# ABOUT THIS TASK
Quote these lines exactly: the one that holds "Renew Part 1 - Renew your Relationship" and every line after it to the end of the material below. Skip pictures.

DATA below:

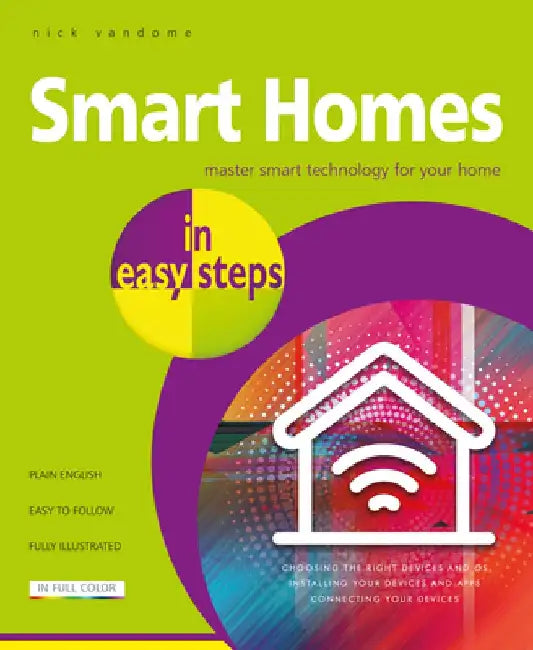 Smart Homes in Easy Steps: Master Smart Technology for Your Home by Nick Vandome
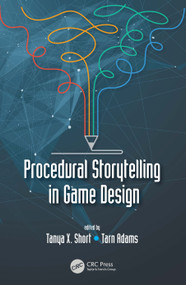 Procedural Storytelling in Game Design by Tanya X. Short, Tarn Adams, 9781138595316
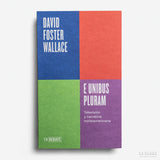 DAVID FOSTER WALACE | E unibus pluram
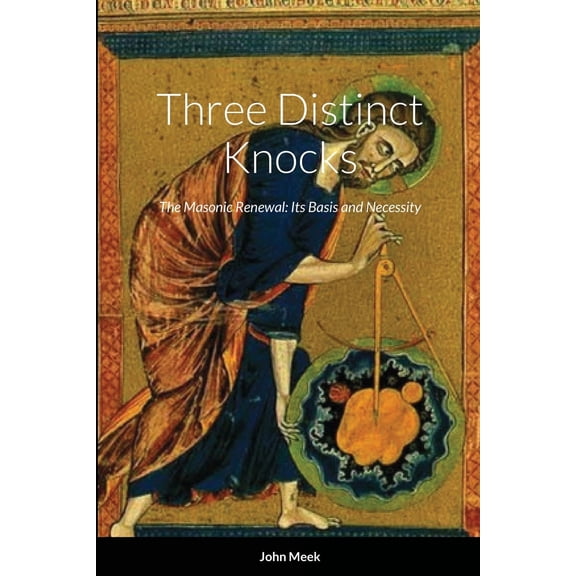 Pre-Owned Three Distinct Knocks: The Masonic Renewal: Its Basis and Necessity (Paperback) 1716449375 9781716449376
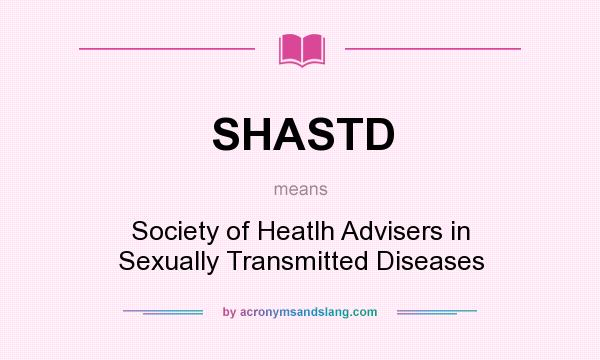 What does SHASTD mean? It stands for Society of Heatlh Advisers in Sexually Transmitted Diseases
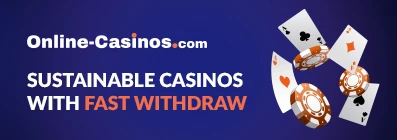 Sustainable Casinos with Fast Withdraw
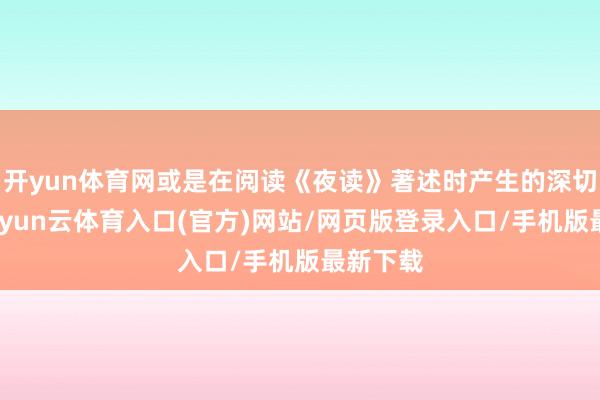 开yun体育网或是在阅读《夜读》著述时产生的深切感悟-开yun云体育入口(官方)网站/网页版登录入口/手机版最新下载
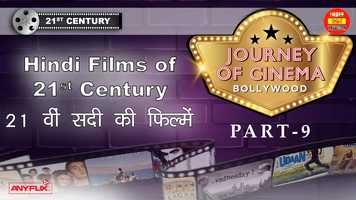 Free download Hindi Films of 21st Century | Journey Of Cinema (Bollywood) | Part- 09 | India Hot Topics | Anyflix video and edit with RedcoolMedia movie maker MovieStudio video editor online and AudioStudio audio editor onlin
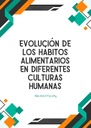 EVOLUCIÓN DE LOS HÁBITOS ALIMENTARIOS EN DIFERENTES CULTURAS HUMANAS
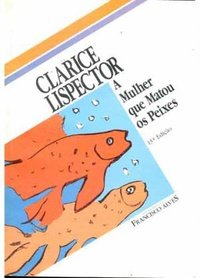 A mulher que matou os peixes (Portuguese Edition) [Portuguese] 8526502611 Book Cover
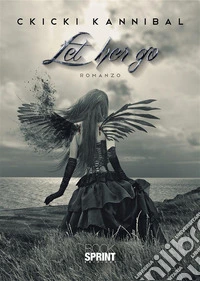 Let her go. E-book. Formato EPUB ebook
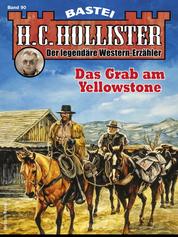 H. C. Hollister 90 - Das Grab am Yellowstone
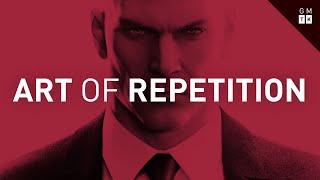 Hitman, and the Art of Repetition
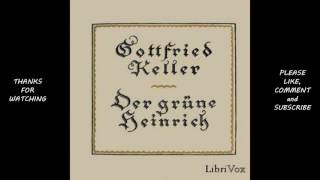 Der gruene Heinrich 0119 by Gottfried Keller audiobook [upl. by Leidba]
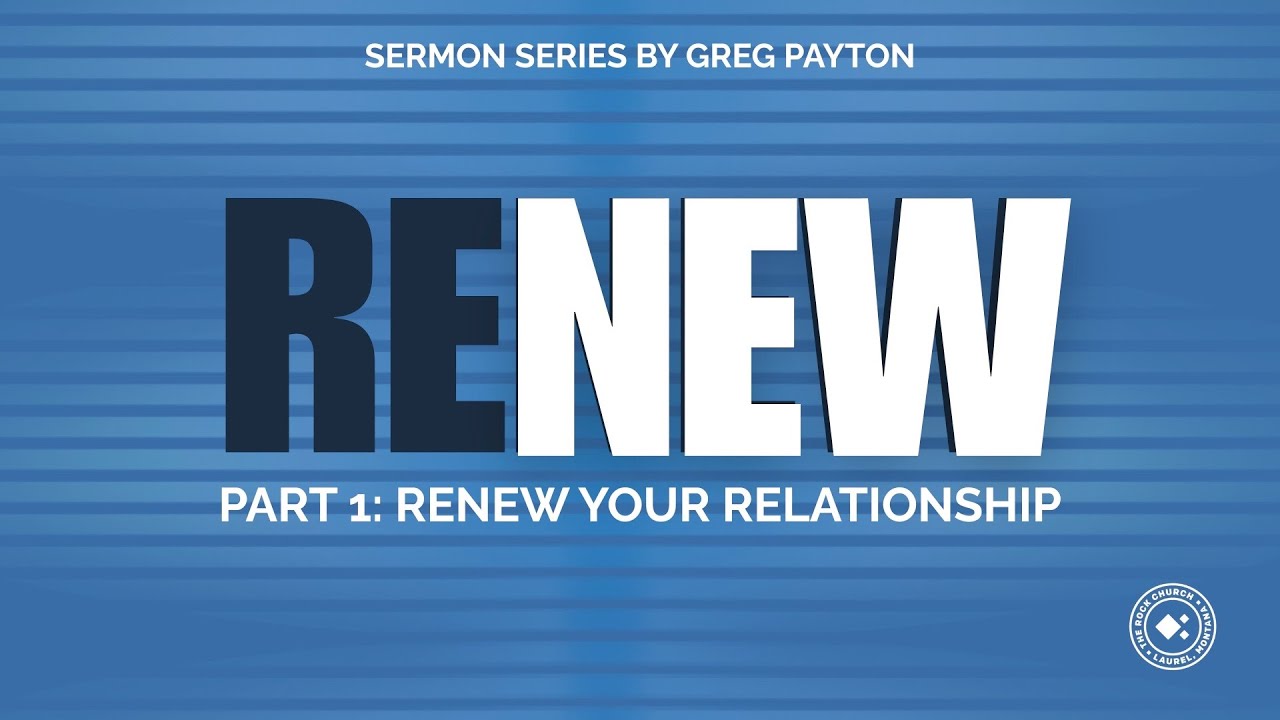 Renew Part 1 - Renew your Relationship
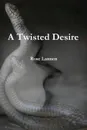 A Twisted Desire - Rose Lannen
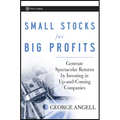 Small Stocks for Big Profits: Generate Spectacular Returns by Investing in Up-And-Coming Companies - Hardcover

End of DATA.

# RESULT
 Renew Part 1 - Renew your Relationship
 A Twisted Desire - Rose Lannen
 Small Stocks for Big Profits: Generate Spectacular Returns by Investing in Up-And-Coming Companies - Hardcover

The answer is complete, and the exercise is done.